Alyssa Lappen at Pajamas Media and Eileen Toplansky at The American Thinker have provided thoughtful reviews of Sharia Versus Freedom this weekend. Key extracts are provided below, but they are worth reading in full.

From Lappen’s review:

Andrew Bostom’s latest book [is]…an engrossing and encyclopedic catalog of ideology and history of the naked totalitarianism of Islamic religious and political doctrines. The introduction alone establishes the diametric opposite embodied in Islamic law (sharia) to free Western social structure. It prohibits political freedoms as well as freedoms of conscience, faith, and expression (both oral and written). In Islamdom, one expresses personal views at great risk. As applied throughout its history and expressed in internal jurisprudence, the creed Mohammed founded has suppressed and oppressed all with whom it interacted — especially non-Muslims….Bostom shows in myriad ways how Islam cements “religion” to Mohammed’s  crushing totalitarian 7th century creed. For openers, while the Arabic word “hurriyya” translates to “freedom,” it refers to “freedom as perfect slavery to Allah,” as prescribed by highly dogmatic sharia laws engineered by the same dictatorial chief (Mohammed said, by divine instructions delivered via the angel Gabriel). It means something diametrically opposite to the same word in English — study of which is now off limits for U.S. military and security officials.

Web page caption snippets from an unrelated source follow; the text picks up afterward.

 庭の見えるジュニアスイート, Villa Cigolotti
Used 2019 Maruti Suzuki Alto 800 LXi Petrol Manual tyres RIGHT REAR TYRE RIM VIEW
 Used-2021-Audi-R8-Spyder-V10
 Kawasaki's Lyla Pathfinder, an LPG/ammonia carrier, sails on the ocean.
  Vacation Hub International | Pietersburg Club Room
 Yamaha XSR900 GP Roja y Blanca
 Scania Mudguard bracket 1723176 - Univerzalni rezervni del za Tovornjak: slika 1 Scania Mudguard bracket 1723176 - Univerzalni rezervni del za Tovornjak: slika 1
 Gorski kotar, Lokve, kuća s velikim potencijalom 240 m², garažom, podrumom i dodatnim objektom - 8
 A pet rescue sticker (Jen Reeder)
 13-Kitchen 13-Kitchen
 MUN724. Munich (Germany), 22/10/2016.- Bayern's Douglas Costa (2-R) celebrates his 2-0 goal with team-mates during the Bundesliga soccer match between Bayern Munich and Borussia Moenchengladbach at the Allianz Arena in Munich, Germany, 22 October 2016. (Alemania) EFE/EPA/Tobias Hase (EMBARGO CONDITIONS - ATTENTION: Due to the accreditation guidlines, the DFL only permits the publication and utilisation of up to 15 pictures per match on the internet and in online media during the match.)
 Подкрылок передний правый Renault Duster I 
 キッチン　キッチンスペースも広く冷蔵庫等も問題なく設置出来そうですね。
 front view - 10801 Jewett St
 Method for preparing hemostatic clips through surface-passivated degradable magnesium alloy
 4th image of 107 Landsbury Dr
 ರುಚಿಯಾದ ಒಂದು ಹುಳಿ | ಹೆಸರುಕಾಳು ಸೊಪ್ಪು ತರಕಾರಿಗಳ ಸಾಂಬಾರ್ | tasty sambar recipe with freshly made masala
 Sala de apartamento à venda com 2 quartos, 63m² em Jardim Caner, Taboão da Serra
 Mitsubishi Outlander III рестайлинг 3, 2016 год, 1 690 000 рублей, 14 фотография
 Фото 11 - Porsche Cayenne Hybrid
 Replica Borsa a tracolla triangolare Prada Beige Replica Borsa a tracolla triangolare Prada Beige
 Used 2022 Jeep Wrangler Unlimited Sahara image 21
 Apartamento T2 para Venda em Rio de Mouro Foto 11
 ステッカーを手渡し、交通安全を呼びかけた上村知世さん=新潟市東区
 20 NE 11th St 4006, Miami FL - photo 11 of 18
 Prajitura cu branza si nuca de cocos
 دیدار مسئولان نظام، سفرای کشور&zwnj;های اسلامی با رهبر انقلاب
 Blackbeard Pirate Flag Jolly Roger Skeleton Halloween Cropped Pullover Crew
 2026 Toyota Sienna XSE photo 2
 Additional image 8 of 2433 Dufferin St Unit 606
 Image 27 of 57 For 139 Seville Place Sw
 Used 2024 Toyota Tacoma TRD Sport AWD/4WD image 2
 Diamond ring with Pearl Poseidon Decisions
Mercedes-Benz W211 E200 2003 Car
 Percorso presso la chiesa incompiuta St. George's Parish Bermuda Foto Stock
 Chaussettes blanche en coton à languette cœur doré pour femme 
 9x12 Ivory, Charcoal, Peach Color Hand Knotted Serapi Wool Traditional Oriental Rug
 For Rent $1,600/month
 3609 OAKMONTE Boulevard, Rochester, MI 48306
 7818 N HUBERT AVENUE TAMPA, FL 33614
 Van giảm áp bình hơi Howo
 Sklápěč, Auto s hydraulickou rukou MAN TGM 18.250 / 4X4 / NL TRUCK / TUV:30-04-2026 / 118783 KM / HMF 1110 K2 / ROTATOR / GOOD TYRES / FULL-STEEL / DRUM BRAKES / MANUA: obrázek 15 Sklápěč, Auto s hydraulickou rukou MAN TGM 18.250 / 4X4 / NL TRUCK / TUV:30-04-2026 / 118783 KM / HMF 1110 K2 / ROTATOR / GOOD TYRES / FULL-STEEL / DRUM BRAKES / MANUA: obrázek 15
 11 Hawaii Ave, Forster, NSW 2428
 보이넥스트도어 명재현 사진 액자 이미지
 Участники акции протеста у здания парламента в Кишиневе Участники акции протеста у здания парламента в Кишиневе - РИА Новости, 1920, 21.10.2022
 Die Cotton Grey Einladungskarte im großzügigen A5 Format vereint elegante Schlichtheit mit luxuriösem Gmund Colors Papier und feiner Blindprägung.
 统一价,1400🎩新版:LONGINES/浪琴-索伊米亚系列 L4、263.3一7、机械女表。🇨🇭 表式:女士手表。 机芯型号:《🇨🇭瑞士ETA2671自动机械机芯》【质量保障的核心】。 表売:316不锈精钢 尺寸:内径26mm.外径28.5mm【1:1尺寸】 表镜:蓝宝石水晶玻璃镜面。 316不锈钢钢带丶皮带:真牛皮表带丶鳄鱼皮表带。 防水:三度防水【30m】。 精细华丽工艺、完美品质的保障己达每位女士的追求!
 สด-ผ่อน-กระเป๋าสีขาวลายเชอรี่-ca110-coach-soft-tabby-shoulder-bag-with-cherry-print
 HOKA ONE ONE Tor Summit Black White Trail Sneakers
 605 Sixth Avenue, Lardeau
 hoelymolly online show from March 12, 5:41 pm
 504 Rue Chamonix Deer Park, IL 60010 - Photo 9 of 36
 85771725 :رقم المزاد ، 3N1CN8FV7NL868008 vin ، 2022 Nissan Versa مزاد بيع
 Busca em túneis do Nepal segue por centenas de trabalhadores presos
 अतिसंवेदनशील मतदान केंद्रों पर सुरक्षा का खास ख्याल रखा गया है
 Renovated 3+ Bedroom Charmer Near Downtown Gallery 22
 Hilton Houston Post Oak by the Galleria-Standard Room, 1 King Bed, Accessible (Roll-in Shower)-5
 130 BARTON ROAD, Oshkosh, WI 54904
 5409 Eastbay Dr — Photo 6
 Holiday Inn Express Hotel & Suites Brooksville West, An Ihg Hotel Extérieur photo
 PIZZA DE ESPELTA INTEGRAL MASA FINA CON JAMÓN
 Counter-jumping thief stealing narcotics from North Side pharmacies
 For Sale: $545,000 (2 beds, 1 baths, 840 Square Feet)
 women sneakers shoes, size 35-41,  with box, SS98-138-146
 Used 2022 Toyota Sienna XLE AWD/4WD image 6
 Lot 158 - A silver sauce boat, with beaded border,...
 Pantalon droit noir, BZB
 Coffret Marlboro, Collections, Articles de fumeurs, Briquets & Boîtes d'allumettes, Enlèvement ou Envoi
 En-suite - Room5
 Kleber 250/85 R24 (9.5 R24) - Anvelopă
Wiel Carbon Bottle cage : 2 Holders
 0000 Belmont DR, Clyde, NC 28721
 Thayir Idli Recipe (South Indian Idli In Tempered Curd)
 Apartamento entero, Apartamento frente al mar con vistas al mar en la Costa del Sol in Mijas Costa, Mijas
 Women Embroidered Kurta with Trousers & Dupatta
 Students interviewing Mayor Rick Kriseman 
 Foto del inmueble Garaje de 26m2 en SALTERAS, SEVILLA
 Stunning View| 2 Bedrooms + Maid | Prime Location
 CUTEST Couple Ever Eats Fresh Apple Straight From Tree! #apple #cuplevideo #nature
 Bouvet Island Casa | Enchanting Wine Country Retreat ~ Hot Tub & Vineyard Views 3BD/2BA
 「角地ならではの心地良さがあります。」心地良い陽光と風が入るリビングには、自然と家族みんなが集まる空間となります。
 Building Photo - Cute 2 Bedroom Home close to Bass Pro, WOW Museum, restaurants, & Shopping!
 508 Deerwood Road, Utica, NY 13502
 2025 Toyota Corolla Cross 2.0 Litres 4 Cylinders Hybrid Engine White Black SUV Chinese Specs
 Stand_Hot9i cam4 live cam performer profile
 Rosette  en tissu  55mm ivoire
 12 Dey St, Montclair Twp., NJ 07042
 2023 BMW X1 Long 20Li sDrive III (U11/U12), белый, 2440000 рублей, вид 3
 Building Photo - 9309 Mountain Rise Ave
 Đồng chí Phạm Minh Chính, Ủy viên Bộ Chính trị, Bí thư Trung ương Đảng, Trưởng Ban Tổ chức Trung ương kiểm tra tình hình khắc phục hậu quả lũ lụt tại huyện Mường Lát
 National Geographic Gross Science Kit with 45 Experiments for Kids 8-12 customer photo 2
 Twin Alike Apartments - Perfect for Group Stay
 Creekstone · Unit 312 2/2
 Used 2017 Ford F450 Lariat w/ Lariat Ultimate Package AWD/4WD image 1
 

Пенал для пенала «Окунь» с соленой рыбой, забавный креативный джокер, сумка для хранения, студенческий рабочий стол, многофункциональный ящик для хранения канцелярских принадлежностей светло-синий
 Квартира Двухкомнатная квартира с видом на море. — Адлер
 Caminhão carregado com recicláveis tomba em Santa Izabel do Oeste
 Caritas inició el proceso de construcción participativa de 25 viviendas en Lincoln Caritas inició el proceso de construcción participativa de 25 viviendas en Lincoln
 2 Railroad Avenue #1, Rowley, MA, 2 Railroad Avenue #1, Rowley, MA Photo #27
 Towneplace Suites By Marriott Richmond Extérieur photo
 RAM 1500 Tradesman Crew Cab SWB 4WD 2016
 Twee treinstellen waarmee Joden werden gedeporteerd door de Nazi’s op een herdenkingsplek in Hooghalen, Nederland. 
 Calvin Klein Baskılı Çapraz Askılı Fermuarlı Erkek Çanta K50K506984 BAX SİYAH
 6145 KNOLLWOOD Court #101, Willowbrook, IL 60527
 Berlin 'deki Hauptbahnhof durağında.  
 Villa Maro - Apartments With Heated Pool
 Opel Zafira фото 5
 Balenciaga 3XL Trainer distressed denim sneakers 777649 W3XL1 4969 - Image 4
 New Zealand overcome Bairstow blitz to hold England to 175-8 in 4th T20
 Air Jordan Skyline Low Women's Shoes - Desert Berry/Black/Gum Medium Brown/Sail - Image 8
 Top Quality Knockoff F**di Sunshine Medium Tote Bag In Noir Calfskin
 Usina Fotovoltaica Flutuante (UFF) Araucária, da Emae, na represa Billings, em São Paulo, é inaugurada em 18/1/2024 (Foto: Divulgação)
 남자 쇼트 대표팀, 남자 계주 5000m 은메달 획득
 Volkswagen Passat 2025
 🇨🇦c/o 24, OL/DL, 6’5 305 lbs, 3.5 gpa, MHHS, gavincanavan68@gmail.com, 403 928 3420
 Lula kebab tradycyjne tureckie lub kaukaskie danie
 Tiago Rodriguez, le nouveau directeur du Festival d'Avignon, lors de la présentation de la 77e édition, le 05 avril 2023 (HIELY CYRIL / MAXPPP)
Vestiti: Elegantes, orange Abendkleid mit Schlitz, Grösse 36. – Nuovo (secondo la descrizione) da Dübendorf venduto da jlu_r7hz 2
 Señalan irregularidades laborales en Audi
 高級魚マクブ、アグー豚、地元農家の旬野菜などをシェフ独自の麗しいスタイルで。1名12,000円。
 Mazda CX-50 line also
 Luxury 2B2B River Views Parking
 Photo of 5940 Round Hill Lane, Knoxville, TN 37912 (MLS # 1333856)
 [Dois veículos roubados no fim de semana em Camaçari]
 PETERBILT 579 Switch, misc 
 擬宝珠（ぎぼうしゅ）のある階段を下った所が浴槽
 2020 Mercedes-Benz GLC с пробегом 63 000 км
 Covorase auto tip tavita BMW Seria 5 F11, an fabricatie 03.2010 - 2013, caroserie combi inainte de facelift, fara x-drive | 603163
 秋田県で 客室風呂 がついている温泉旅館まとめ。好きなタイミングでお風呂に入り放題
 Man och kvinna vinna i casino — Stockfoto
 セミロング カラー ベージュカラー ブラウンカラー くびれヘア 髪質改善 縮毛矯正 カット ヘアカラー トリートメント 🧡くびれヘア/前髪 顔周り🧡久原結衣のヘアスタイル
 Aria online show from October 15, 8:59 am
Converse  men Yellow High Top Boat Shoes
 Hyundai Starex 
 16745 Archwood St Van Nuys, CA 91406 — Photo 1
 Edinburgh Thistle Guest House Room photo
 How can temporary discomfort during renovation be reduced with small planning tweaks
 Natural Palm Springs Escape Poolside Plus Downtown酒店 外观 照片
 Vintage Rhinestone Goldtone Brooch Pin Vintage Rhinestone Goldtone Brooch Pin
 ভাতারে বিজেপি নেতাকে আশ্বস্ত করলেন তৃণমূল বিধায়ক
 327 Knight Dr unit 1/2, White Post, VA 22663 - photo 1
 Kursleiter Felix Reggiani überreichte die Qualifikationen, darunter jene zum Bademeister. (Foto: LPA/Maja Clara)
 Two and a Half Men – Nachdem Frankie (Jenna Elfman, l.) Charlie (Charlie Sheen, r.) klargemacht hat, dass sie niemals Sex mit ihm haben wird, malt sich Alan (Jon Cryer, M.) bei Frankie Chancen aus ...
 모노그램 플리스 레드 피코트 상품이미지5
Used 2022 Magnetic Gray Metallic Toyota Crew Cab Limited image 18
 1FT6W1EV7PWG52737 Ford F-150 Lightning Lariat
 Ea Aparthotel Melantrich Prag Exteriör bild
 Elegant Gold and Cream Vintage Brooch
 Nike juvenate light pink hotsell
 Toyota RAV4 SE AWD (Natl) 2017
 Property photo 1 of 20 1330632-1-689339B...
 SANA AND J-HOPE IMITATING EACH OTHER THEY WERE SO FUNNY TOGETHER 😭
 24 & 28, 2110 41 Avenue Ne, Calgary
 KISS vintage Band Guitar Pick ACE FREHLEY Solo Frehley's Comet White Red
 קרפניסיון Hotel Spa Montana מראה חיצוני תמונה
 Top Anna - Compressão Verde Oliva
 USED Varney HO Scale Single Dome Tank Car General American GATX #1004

…Like Bostom’s two previous landmark studies on Islamic jihad and antisemitism (Legacy of Islamic Jihad: Holy War and the Fate of Non-Muslims and Legacy of Islamic Antisemitism: From Sacred Texts to Solemn History), his third adds significantly to our knowledge base. Often, contemporary scholars contend that Islam grew hateful upon absorbing Nazi anti-Semitism in the 20th century. Yet Bostom shows, even in the Nazi era, intellectual luminaries saw the truth as quite the opposite. Like “Islam of old,” Barth warned in 1939, National Socialism’s political experiment promised to those willing to participate; but when resisted, it could “only crush and kill.” Nazism, he wrote, was best understood as “a new Islam, its myth a new Allah and Hitler as this new Allah’s Prophet.

From Toplansky’s review:

Honest scholarship in our politically correct world is a hard commodity to find.  Thus, a debt is owed to Bostom for his continuing contributions as he give numerous examples to prove that it is the “centrality of Islamic jihadism” (26) that motivates, inspires, instigates, arouses, and stirs its adherents toward the unrelenting goal of a global caliphate.  During the recent Ramadan, for example, there were 260 jihad attacks in 23 countries, with 1,209 dead and 1,910 critically injured.  The so-called religion of peace is extraordinarily bloody, yet leaders of the free world prevaricate about its violence. 

…Particularly revelatory is the chapter entitled “Sayonara Shari’a: Japanese Lessons, Lost?,” where Bostom relates that after World War II, “under stern American guidance” (440), Japan was forced to delegitimize its state religion of Shintoism.  In other words, the state would no longer be able to impose religious belief; nonetheless, the practice of Shintoism as a “private, demilitarized, and depoliticized personal faith” was protected (441).  Individual religious liberty was maintained but could not be imposed upon the general populace.

Sadly, this lesson, which produced a vibrant Japanese reconstruction while protecting individual rights, has been entirely ignored following the U.S.-led military interventions in Afghanistan and Iraq.  Rather than neutralizing the bellicose religious-political-economic creed of Islam, we have actually helped to promote sharia imposition. 

How galling it is to learn that there is a tried and true antidote to counter the totalitarianism of state-imposed religion, but that the West ignores it?  It is vital to note that there “has never been a sharia state in history that has not discriminated … against the non Muslims (and Muslim women) under its suzerainty” (447).